Single Sign-On with Okta
HelpDesk users can use Single Sign-On (SSO) for accessing their account. Admin of the accounts can choose a SAML 2.0 identity provider (IdP) to enable technicians to login to HelpDesk without having to remember another password.
To setup Single Sign-On (SSO) with Okta, the admin needs to:
- Create an app on Okta console
- Assign technicians to the app
- Configure HelpDesk account for Single Sign-On (SSO)
Create an app on Okta Console
Create an app on Okta console and use it as an identity provider for SSO.
To create the app,
- Log in to the Okta console using your Okta account credentials.
Click 'Admin' on the top-right corner to navigate to the admin console.
- This step is for developer accounts only. Skip this step in case you are using a regular production account.
- In case it reads 'Developer Console' in the top-left corner, click the drop-down and select 'Classic UI' to switch to the Classic.

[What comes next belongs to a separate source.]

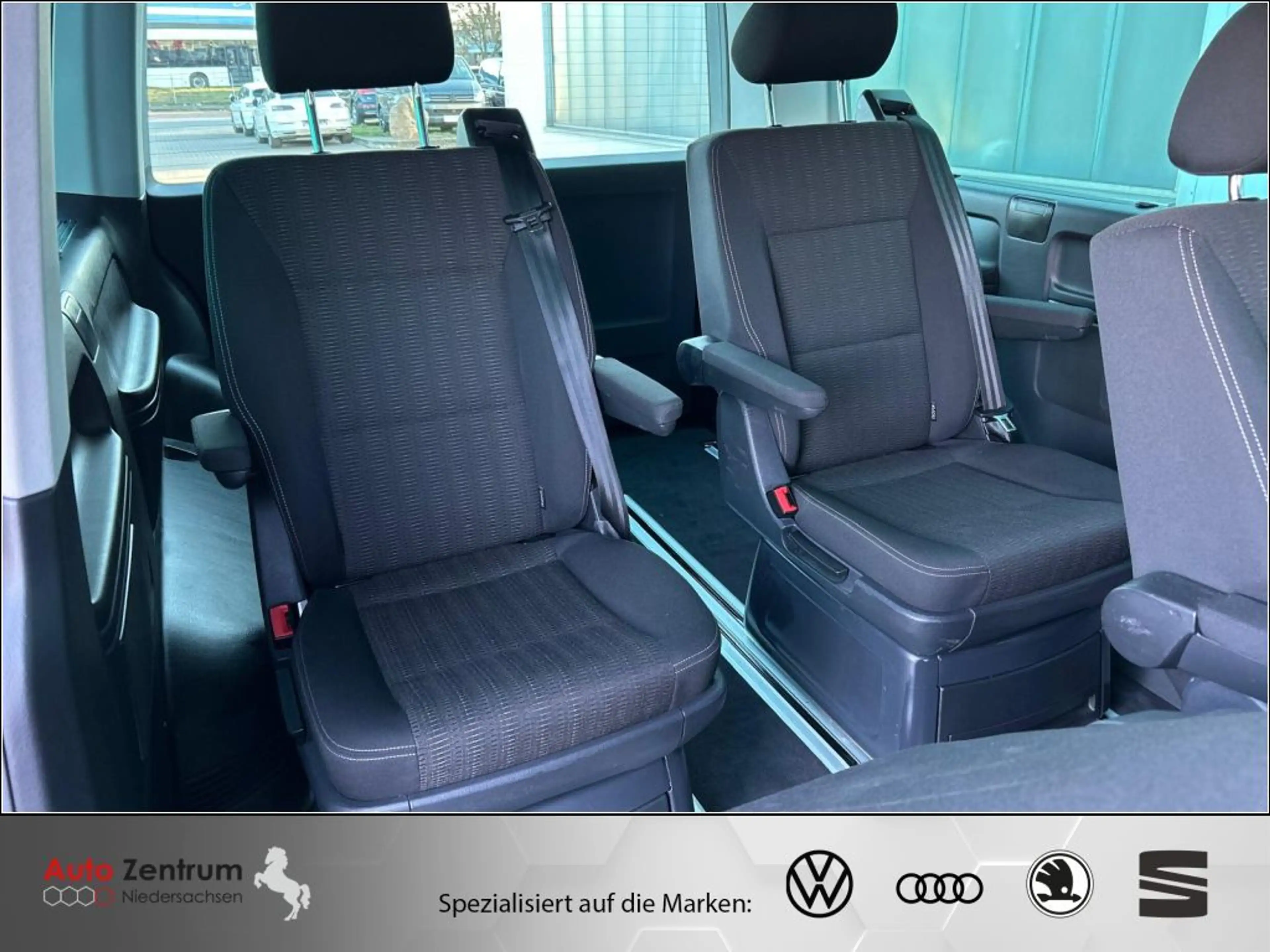 Volkswagen Transporter Multivan Lang 6-Sitzer 4M AZN-Haus-Förderung* AHK — photo 12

Navigate to the 'Applications' tab and click 'Add Application'.
Click 'Create New App'.
Select 'SAML 2.0' and click 'Create'.
Enter 'App name' and click 'Next'.
Add the 'SSO URL' and 'Audience URL' then click 'Next'.
Select 'I'm an Okta customer adding an internal app'. Select 'This is an internal app that we have created' checkbox.
- Click 'Finish'.
Go to 'Sign On' tab and click 'View Setup Instructions'. You will be directed to a web page where you will find SAML 2.0 Single Sign-On Login URL, Issuer URL and the X.509 Certificate. Copy these and paste them in your HelpDesk account via the web interface.

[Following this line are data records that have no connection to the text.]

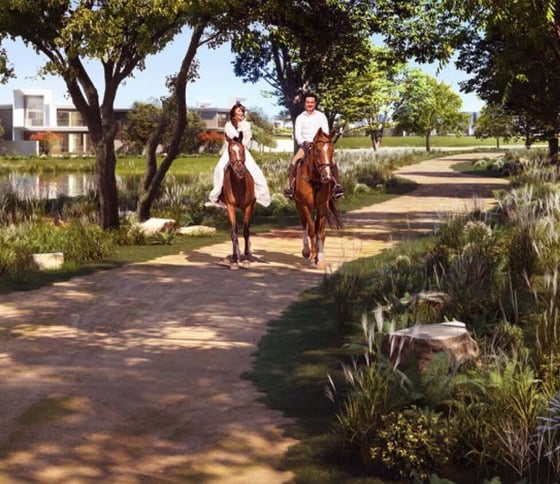 Pinewood Estate Homes In Jumeirah Golf Estates, picture 8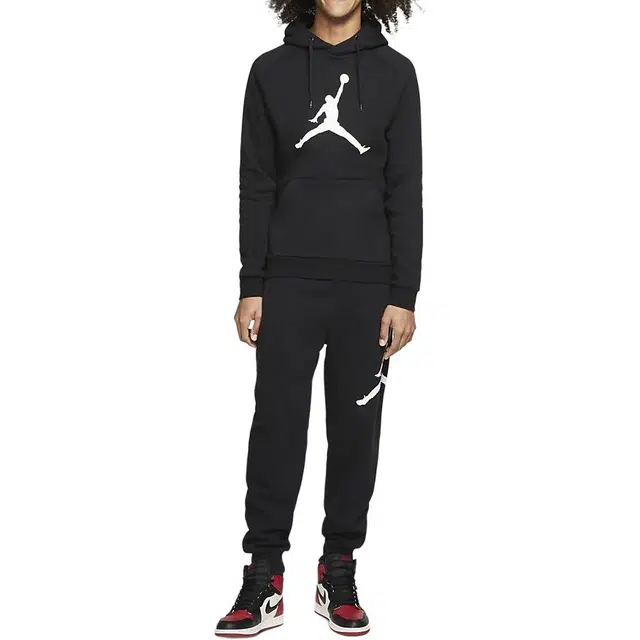 Air Jordan As M J Jumpman Logo Flc Po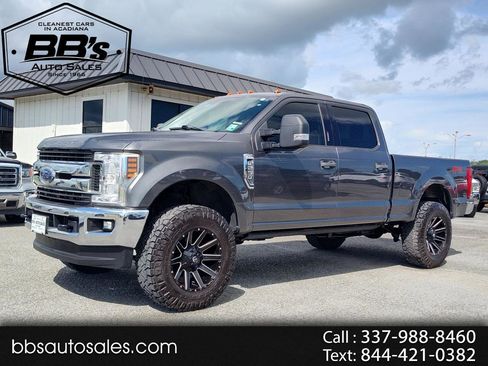 Used 2019 Ford F250 XLT w/ XLT Value Package AWD/4WD image 1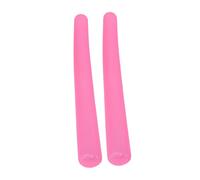 OSOLADY 2 Galleggianti Gonfiabili per Piscina per Adulti Bastoni Rosa ad Alta Galleggiabilità Gonfiabili per Piscina Spiaggia e Relax Acquatico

Assign technicians to the app
To enable SSO for technicians, admin needs to assign users to the new app on Okta console.
To assign technicians,
Launch the new app on Okta console.
- Click 'Assign'.
Select 'Assign to people' and assign users for SSO.
Configure HelpDesk account for Single Sign-On (SSO)

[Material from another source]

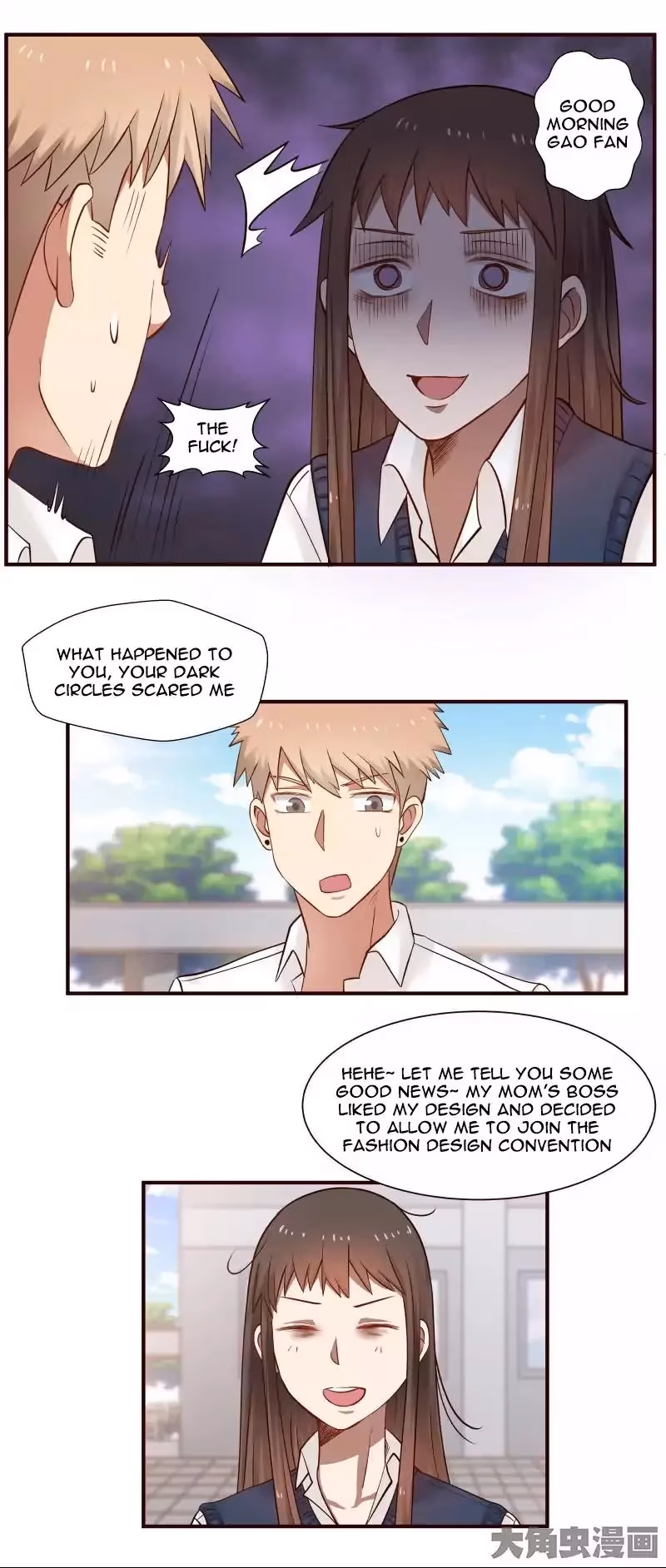 Lala (Yy) Chapter 62 page 7 - 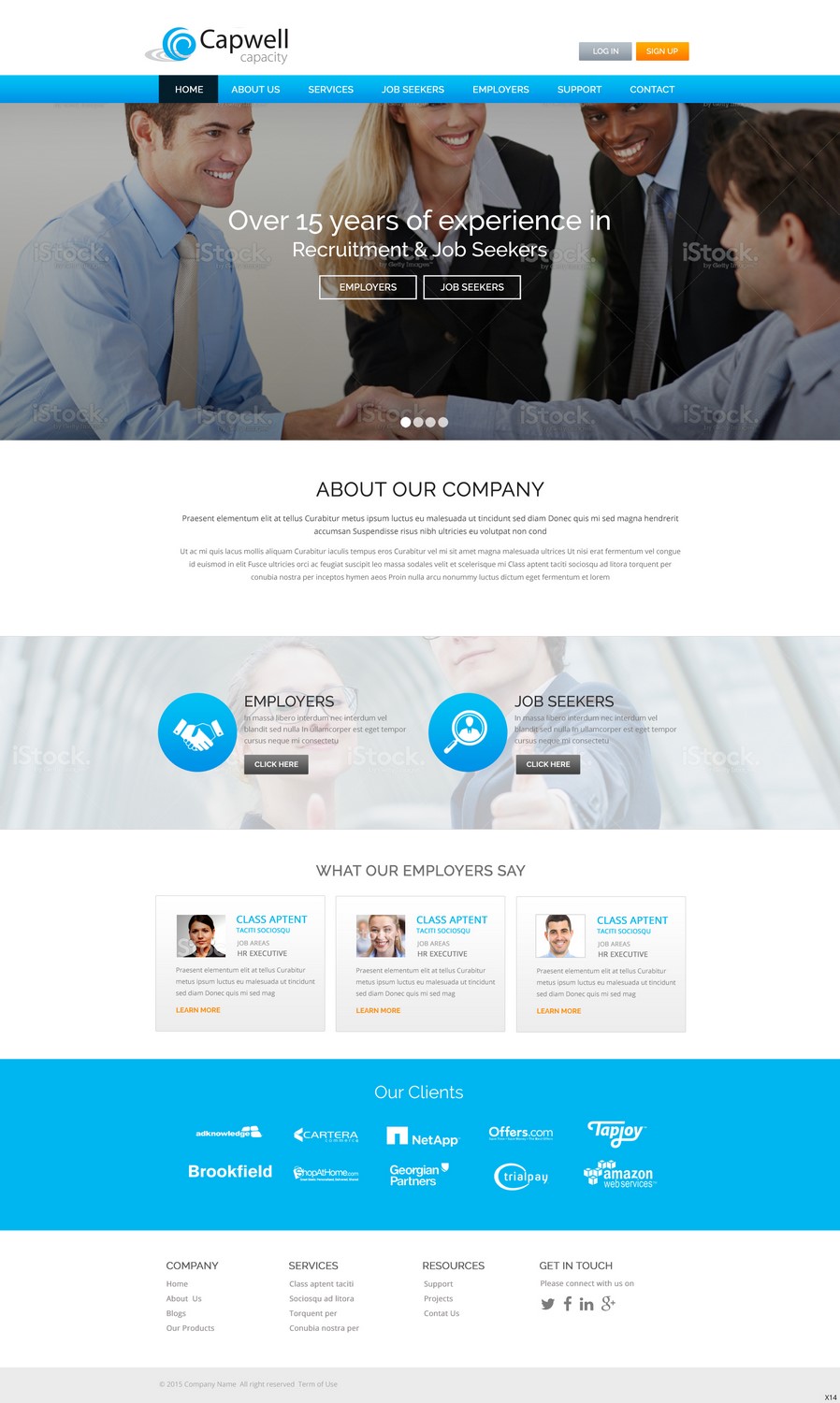 Web Design by pb for this project | Design #7901515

Admin needs to provide the received SAML 2.0 URLs and Certificate in the Single Sign-On application from the HelpDesk web interface.
To configure SSO,
- Log in to the HelpDesk application via any web browser.
- Click the username on the top-right corner and click 'My Account'.
- Click 'Single Sign-On'.
- Enter a name for your SSO profile.
Enter the 'Issuer URL', 'SAML 2.0 Single Sign-On Login URL' and add the 'X.509 Certificate' received from your newly created app on Okta console.
- Click 'Configure Single Sign-On'.
You will receive a confirmation email once SSO is enabled for your account.